I hope you are safe and healthy in these difficult times. It’s time again for another research update. In today’s update, five things:

  1. Some personal notes about quarantine living

  2. My foray into publishing

  3. Papers in the pipeline

  4. Research on societal ‘sabotage’

  5. Charting a career outside academia

Quarantine living

After 4 months, I’m finally getting used to quarantine living. Actually, it’s a lot like doing a PhD — endless hours of sitting at home by yourself. Fortunately, I loved this isolating aspect of PhD research, so I’m enjoying the quarantine life.

Each day I wake up early (5 am) to get some writing/research done before my daughter wakes up. She gets up around 8 am and has a lounging breakfast and TV time while I continue to work for another hour or so. Then we both head outside for some relaxation.

My daughter is almost five, and is now big enough to go on long bike rides to our local ravine. It’s a bit of a slog getting home (5-year old legs tire easily), but with some help from a bungee-cord tow rope, we can make the round trip without too much complaining.

My wife is also getting used to quarantine living. She’s a ballet teacher and has set up virtual dance classes in the evenings. Our daughter enjoys watching/interrupting the classes.

What once felt odd (not going to work) now feels normal. I hope you too are adjusting to quarantine living.

My foray into publishing

Over the last few weeks, I’ve been working on converting Jonathan Nitzan and Shimshon Bichler’s book Capital as Power into an ebook and online book.

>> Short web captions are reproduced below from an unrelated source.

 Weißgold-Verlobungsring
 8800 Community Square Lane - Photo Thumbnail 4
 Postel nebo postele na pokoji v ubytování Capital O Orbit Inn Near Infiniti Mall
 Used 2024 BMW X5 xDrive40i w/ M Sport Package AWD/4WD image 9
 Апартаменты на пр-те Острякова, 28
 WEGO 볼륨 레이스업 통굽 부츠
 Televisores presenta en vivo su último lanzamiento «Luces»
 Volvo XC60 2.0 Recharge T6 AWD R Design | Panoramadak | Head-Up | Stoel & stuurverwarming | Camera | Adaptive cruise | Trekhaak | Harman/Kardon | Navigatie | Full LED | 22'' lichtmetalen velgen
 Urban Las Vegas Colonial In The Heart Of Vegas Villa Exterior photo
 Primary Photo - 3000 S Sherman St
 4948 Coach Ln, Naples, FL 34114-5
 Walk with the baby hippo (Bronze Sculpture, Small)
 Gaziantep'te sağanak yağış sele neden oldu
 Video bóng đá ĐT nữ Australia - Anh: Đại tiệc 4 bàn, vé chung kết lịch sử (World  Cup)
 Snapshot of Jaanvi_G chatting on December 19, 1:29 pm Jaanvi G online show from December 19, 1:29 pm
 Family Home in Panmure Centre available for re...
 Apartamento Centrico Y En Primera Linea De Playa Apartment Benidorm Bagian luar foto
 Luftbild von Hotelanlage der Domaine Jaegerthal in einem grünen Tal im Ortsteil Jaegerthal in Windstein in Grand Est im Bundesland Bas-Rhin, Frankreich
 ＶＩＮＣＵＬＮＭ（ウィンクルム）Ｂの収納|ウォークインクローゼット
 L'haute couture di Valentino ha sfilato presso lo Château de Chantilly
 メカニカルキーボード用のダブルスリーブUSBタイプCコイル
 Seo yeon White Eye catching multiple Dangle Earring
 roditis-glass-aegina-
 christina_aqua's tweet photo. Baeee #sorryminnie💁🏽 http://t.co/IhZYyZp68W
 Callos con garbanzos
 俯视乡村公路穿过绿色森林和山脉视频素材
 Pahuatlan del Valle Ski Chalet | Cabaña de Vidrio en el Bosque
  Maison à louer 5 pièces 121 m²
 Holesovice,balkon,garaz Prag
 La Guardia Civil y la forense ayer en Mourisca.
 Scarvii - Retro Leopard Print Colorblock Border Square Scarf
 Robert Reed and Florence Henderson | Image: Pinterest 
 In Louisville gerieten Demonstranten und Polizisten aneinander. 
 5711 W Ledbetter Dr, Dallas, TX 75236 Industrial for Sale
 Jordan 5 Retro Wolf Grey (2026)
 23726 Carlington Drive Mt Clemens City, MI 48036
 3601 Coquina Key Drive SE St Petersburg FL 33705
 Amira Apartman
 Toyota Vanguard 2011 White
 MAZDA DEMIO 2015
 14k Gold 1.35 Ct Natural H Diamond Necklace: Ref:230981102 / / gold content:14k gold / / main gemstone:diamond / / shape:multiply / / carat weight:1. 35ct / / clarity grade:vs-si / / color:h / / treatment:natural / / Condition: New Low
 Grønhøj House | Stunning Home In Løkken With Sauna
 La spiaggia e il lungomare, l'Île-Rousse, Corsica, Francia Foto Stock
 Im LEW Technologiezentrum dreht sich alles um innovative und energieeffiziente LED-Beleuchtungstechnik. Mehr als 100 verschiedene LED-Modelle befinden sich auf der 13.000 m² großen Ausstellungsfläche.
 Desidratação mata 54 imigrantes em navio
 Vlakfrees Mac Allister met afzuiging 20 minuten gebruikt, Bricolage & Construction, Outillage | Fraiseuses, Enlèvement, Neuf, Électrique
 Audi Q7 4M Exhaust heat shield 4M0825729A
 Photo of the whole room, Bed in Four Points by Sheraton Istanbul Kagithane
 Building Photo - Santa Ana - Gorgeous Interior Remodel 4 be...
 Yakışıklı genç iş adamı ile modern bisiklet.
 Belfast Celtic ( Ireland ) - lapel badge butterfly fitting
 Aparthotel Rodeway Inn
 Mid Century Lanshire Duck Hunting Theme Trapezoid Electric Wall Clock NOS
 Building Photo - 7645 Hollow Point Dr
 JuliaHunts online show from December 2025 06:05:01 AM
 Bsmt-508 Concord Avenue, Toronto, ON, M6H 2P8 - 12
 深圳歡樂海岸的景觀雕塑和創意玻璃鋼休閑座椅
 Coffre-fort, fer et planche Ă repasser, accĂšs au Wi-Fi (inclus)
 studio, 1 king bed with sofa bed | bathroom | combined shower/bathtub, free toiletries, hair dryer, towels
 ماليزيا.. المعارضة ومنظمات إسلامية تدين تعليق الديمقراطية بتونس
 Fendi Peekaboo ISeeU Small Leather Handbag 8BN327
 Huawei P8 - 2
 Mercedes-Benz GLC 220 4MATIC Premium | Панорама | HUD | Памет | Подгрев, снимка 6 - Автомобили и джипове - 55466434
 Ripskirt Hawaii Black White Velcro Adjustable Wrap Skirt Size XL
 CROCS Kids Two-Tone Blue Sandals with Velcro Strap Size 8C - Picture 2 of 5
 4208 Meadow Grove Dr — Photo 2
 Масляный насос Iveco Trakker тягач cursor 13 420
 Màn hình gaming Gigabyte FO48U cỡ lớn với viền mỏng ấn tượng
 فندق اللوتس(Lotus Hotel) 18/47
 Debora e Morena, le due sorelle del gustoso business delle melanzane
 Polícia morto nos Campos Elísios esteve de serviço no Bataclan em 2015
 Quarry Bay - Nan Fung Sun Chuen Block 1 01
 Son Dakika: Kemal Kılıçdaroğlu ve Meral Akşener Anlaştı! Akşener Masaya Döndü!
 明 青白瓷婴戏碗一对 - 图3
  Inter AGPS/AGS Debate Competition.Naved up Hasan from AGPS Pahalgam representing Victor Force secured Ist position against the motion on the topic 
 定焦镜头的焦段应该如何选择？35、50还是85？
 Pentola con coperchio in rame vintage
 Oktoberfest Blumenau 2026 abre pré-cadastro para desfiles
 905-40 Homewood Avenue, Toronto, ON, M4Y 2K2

Why am I taking a foray into publishing? It all started when I recommended Capital as Power to Evonomics publisher Steve Roth (who’s also a patron … thanks Steve!). A few weeks ago, Steve asked if there was a free ebook version of Capital as Power. Unfortunately, there isn’t. So I decided to make one!

This foray into publishing is a passion project for me. Reading Capital as Power (almost a decade ago) was a transformative experience. At the time, I was disillusioned with both neoclassical and Marxist economics. But I didn’t know of any alternatives. Not only did Jonathan and Shimshon’s book offer a devastating critique of these two schools of thought, it provided a compelling alternative for how to understand capitalism. Capital, they argue, is a quantification of property rights — a symbolic manifestation of owners’ power.

This thinking was a revelation to me, and set me on the path of skepticism (about most political economy) on which I remain. I want other people to have the same experience.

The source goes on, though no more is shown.